Given that you don't already have a rainbow? Then it's easy cuz you either have 2 of 1 color and 1 of another color or all 3 of the same color. If it's the latter, which only occurs 1/9 of the time, you know you won't be getting a rainbow. But in the 8/9 times that's not the case, you need 1 of the missing color giving you a 1/3 chance of getting a 4-card rainbow, given that you don't have a rainbow in 3 cards. So, you'd have an 8/27 or 30%

If you are starting from scratch and just want to know the odds of getting a rainbow given any four cards, then odds are slightly more complicated.

Your first card is X-colored. The other two colors are now Y and Z.

You need at least 1 Y and at least 1 Z in the next 3 cards.

1/3 chance of getting another X, in which case you need a Y and a Z to come out: odds 2/3*1/3 = 2/9
2/3 chance of getting a Y (i.e. anything but X), in which case you need a Z to come out. The chances of not getting a Z in these next two cards is 2/3*2/3 = 4/9. That means you have a 5/9 chance of getting a Z.

So, 1/3*2/9 + 2/3*5/9 = 2/27 +10/27 = 12/27.

You have a 12/27 or 44% chance of getting a rainbow in 4 cards.

So, you have a 2/3*1/3=2/9=22% chance of finding a rainbow set in 3 cards.

You have a 37% chance of finding one in any 4 cards.

Carrying on with the 4 card math, we need to add some number to that probability to figure out what your chances of finding a rainbow in a 5 card hand.

If you have one of the 15/27 or 63% percent of 4 card hands that don't already contain a rainbow AND you are NOT holding one of the 1/27 or 4% of hands that are all the same color, then you have a 1/3 chance of making a rainbow with your next card. Thus, the chances of making a rainbow WITH your fifth card are 14/27*1/3 or 14/81. Add this to the chance that you already had a rainbow in your hand and you see that:

You have a 50/81 or 62% chance of finding a rainbow in any given 5 card hand.

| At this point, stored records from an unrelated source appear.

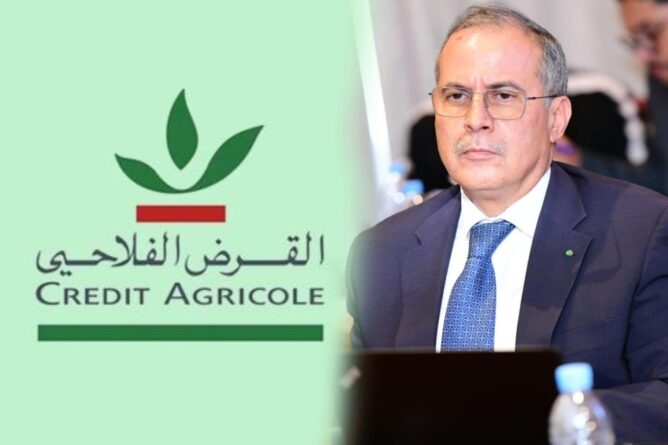 توقيع بروتوكول بين 'القرض الفلاحي' وهيئة الأمم المتحدة لتعزيز الإدماج الاقتصادي للعاملات في قطاع الصيد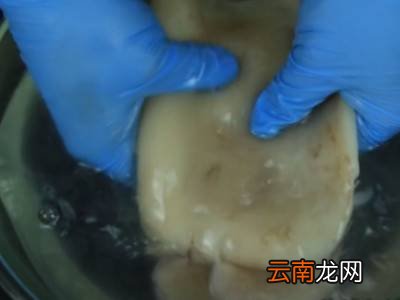 鱿鱼怎么处理方法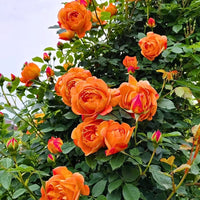 Creeping, Climbing Rose plant (orange)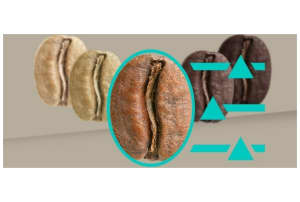 v1725613829/productvergelijker/ESPRAPP/50937564_kk_16-19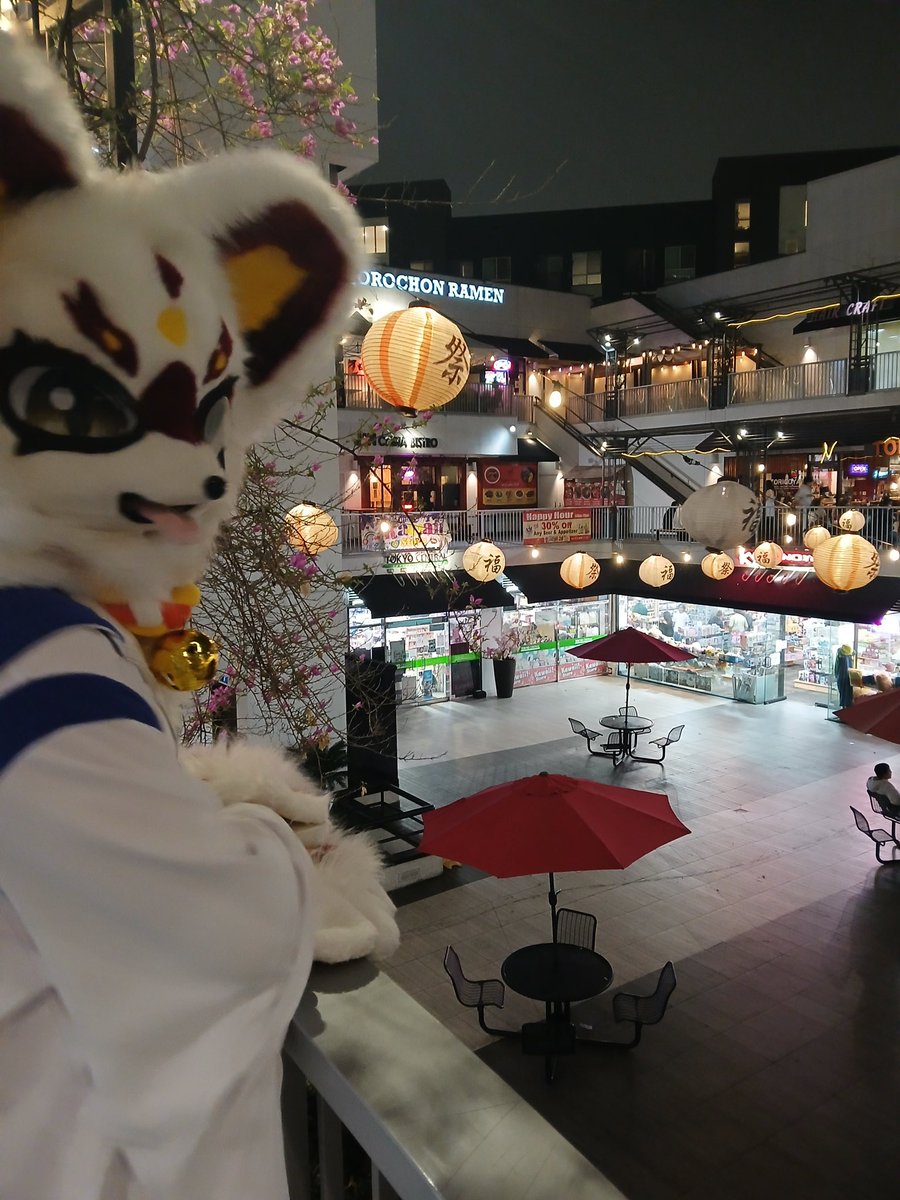 Happy #FursuitFriday! Have any nice plans for the weekend?

#furry #fursuit #kemono #ケモノ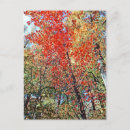 Recherche de pointillisme cartes postales Automne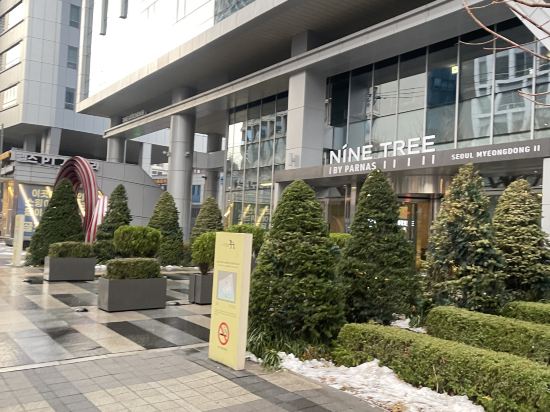 明洞九樹2號精品酒店優惠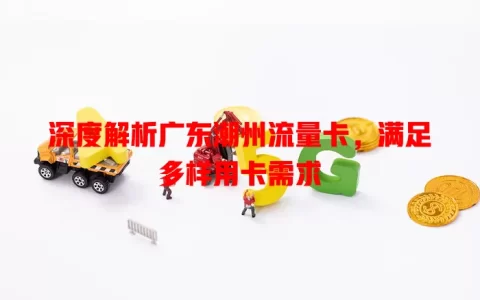 深度解析广东潮州流量卡，满足多样用卡需求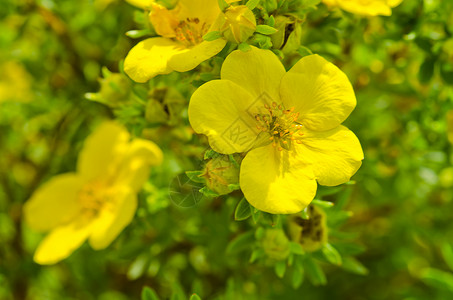 Oenothera 环自然牛粪稻草春花疗法月见草花束落日草本植物救命背景图片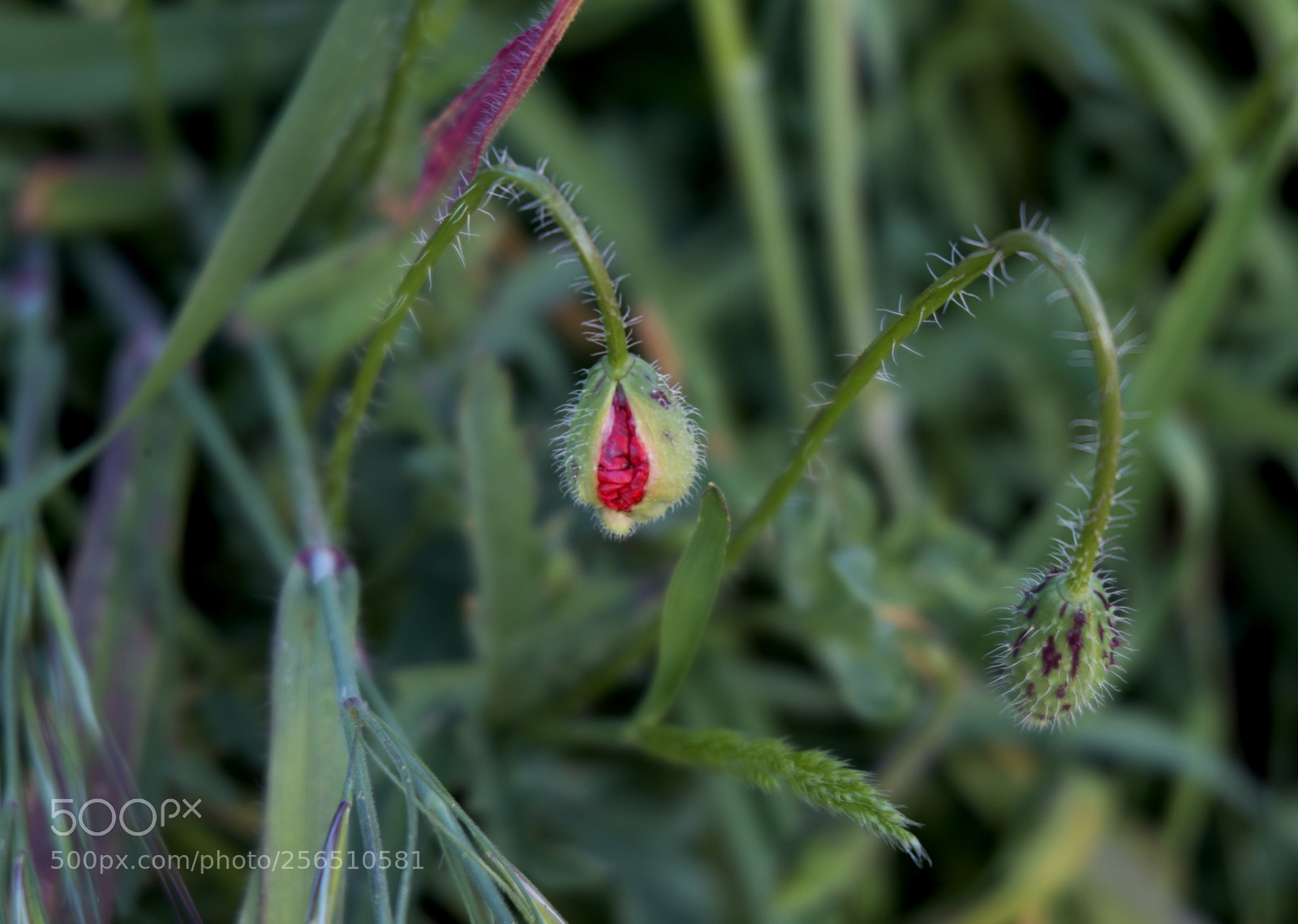 Fujifilm X-M1 sample photo. Amapola photography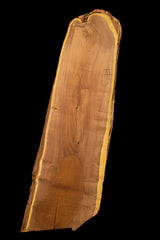 Mesquite Live Edge #5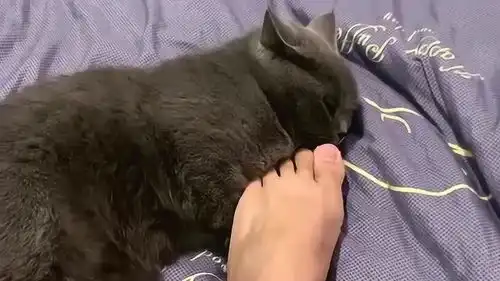 二货主人把脚伸到猫咪面前,接下来它的表情亮了,背景音乐才是重点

Oddly enough, I think that I understand.

So If I already have two different colors in three cards then the odds are the same (one in three) of getting a rainbow as getting a set of the same colors.

So I would have a one in three chance of getting something either a rainbow or a flush on that fourth card. One in three is still pretty low.

Thank you for that enlightening comment. =)

Viceroy63 wrote:Oddly enough, I think that I understand.

So If I already have two different colors in three cards then the odds are the same (one in three) of getting a rainbow as getting a set of the same colors.

So I would have a one in three chance of getting something either a rainbow or a flush on that fourth card. One in three is still pretty low.

Thank you for that enlightening comment. =)

Yes, you are right about that. Some of the above analysis only applies to getting a rainbow set though. But if you have a 2 pair, you are equally likely to end up cashing 3 of color A, 3 of color B, or a rainbow.